As decisões que nos levam a acreditar desacreditando são muitas. Nesse quadro, a duplicação das personagens, a exemplo de Alaíde, interpretada sincronicamente ao mesmo tempo pelas atrizes Camila Felix e Priscila Natany, remete formalmente aos próprios planos simultâneos do texto psicológico de Nelson. A duplicação, como quem vive sempre com duas ou mais vozes dentro de si mesmo — a polifonia de Dostoievski reivindicado no encerramento da peça — funciona ao mesmo momento em que as macas, de tempo em tempo, voltam a correr pelo cenário e aceleram o próprio destino da peça, declarando o sentimento conturbado das vidas ali retratadas em seus vários níveis e sentidos — ainda quando, como ouvi de orelhada de alguns, tudo isso leve à certa exaustão nas quase duas horas de espetáculo.
Ainda no marco das decisões realizadas pela montagem, a descaracterização de alguns personagens também é uma marca presente que nos joga para dentro do metateatro: Madame Clessi, interpretada por Jonathan Horta Fortes, se garante praticamente de cara limpa. Ela não precisa estar montada para que a enxergamos dentro de um vestido imenso. Por outro lado, Victor Velloso, Henrique Torres Mourão e Júnio de Carvalho, os rapazes do bar em Alaíde busca por Clessi, são os que interpretam em diferentes momentos Pedro, seu marido, e simultaneamente, no caso de Fortes, Torres e Carvalho, a Mulher de Véu. Assim como o minimalismo de objetos em cena assume funcionalmente todo tipo de ordem simbólica, os atores se desdobram em todas as vozes e compassos. Os movimentos incorporam os próprios critérios de ação da história e os figuram para a forma com que executam e interpretam o texto no palco.

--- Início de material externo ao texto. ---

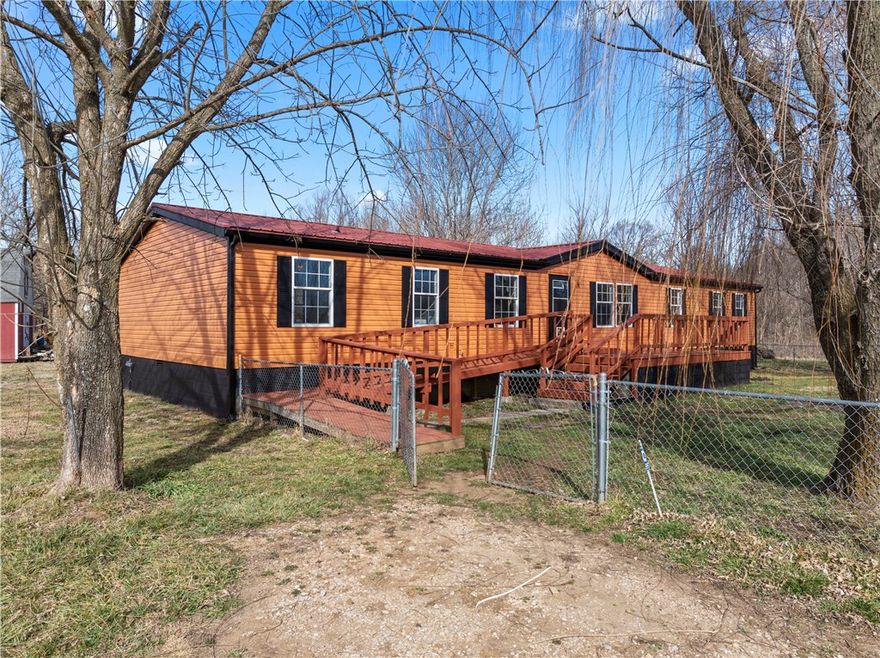 Spacious 4BR/2BA manufactured home with approximately 2,100 sq. ft. situated on 2.25 acres. Features include a large primary suite with walk-in closet, open living areas, and two decks ideal for entertaining or enjoying the outdoors. Outbuilding conveys for added storage or workshop potential. A great opportunity for space and privacy!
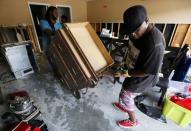 Micheal Andrews (R) and his friend Clarence Robertson remove furniture out of his flood damaged home at the South Point subdivision in Denham Springs, Louisiana, U.S., August 22, 2016. REUTERS/Jonathan Bachman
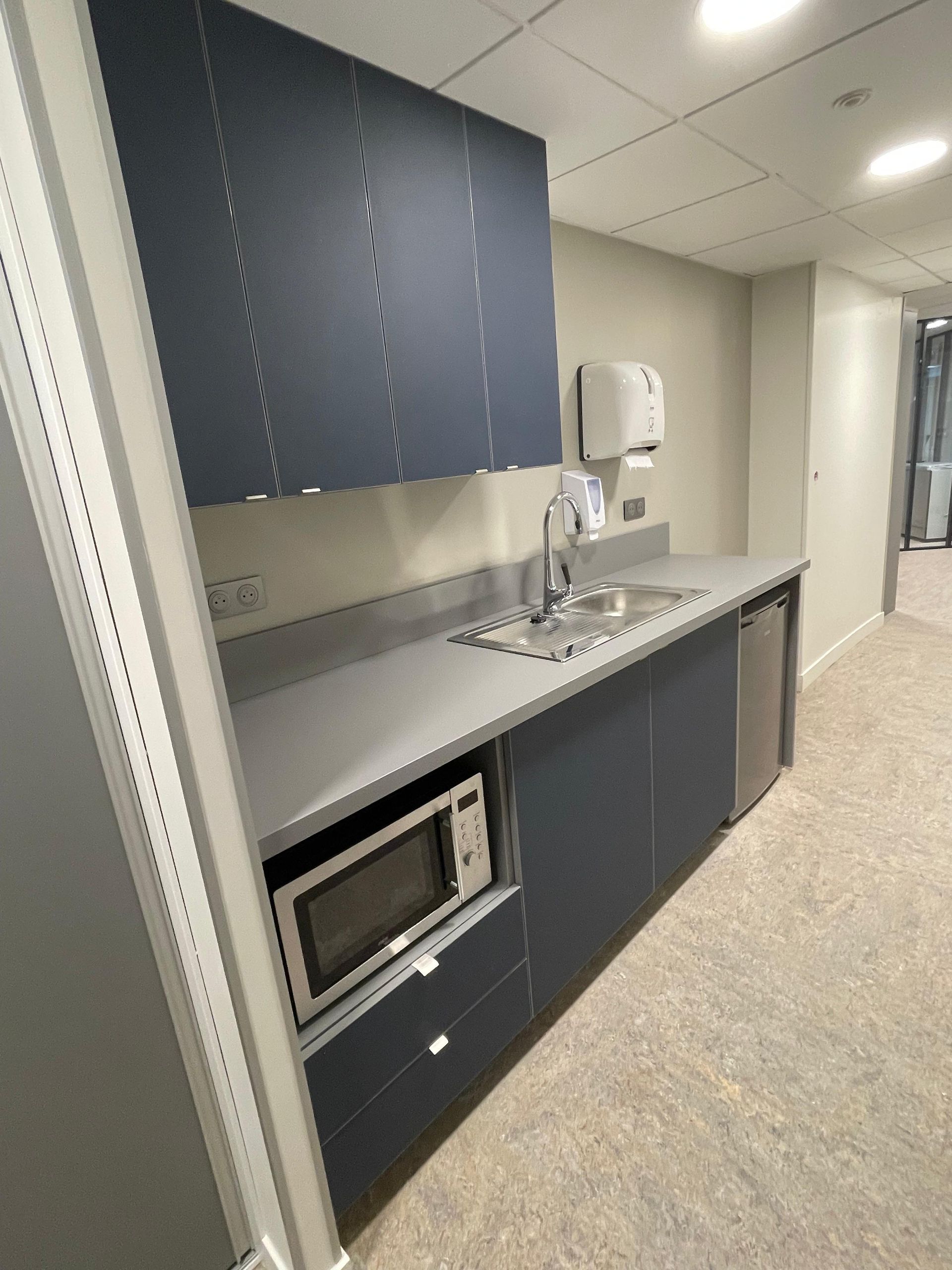 Kitchenette bleu foncé avec placards, évier, micro-ondes et mini-réfrigérateur.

Todas essas camadas do metateatro e as abstrações para as quais nos convoca a ter de supormos acreditar que aquele ator ou atriz que executava uma personagem até então, é, logo no momento seguinte, outra, se ligam também pelo elemento virtual do telão que em diferentes momentos toma parte do espetáculo. Desse recurso, não gosto e nem desgosto: prefiro imaginar que, como todo resto, funciona virtualmente bem no plano simbólico. Entendo que para alguns seja experienciado como excessivamente over, tende a ser um dado mais interessante do que aqueles que, imediatamente, gostam da proposta. O incômodo com o excesso que orienta o teatro-que-se-sabe-teatro só pode ser produtivo se elevado à máxima potência, a ponto de retratar uma peça dos anos 40 com o mais puro vigor da dramaturgia contemporânea disposta a passar em diante o espírito zombeteiro rodriguiano.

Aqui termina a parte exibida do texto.